Este pequeño piscolabis debería ser suficiente para entender el clima sexual de Dick o la tristeza del sexo. No es un relato euforizante de maruja pajillera. Ni una sórdida provocación espiritual modo Nabokov. Tampoco podría homologarse a un realismo sucio bukowskiano, a excepción de algunos calenturientos pasajes de preocupante dosis erótica para un lector desinhibido. Lo de Amat con esta novela es un gran chiste sobre el despiporre masculino en los momentos de priapismo descontrolado. Por eso Franki es un zagal esmegmático, con barriga de pez y cutis de pus. Una condición amorfa que cualquier adolescente, incluso quienes podrían considerarse bellos, ha revelado en las granudas inspecciones matutinas de la pubertad. Quien se tome al pie de la letra la salvajada anofílica de Dick, o los ensueños devotos por los alerones femeninos de Franki, yerra. Es de peor gusto tomarse un chiste de humor negro en serio, que contarlo.

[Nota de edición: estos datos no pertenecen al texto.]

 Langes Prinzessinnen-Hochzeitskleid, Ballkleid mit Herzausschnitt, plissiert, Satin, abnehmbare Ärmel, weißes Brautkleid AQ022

Por otro lado, el trasfondo familiar del protagonista también guarda su enjundia. Unos abuelos que dan cringe y ternura a partes iguales, comparten la impresión que imprime en el lector el tío falangista y cazador de Franki. La oveja negra dipsómana de la familia quien, por otro lado, acaba resultando de los más humanos de la historia. Cualquiera diría que hay una herencia de Revancha en el flechilla consanguíneo. Está claro que Dick no es una novela para mojigatos. Como tampoco lo es para el lector perezoso con predisposición a la frustración léxica. Lo dicho al comienzo, Amat, especialmente en las escenas subidas de tono, fibra la prosa, tal vez para esquivar la vulgaridad. Sin embargo, eso no es óbice para que la novela se lea con fluidez. El catalán sigue siendo consciente del ritmo. De la cadencia. Más allá de la rocosidad de los adjetivos. Y aunque en esta ocasión el escritor se haya tirado por una expresión a ratos grandilocuente, sigue con el blues a tono. Oh, y por si no quedaba claro, con la chanza en ristre. Un antihistamínico insalvable para abordar los patetismos, tan cómicos como inquietantes, que orbitan alrededor de la premisa de esta novela.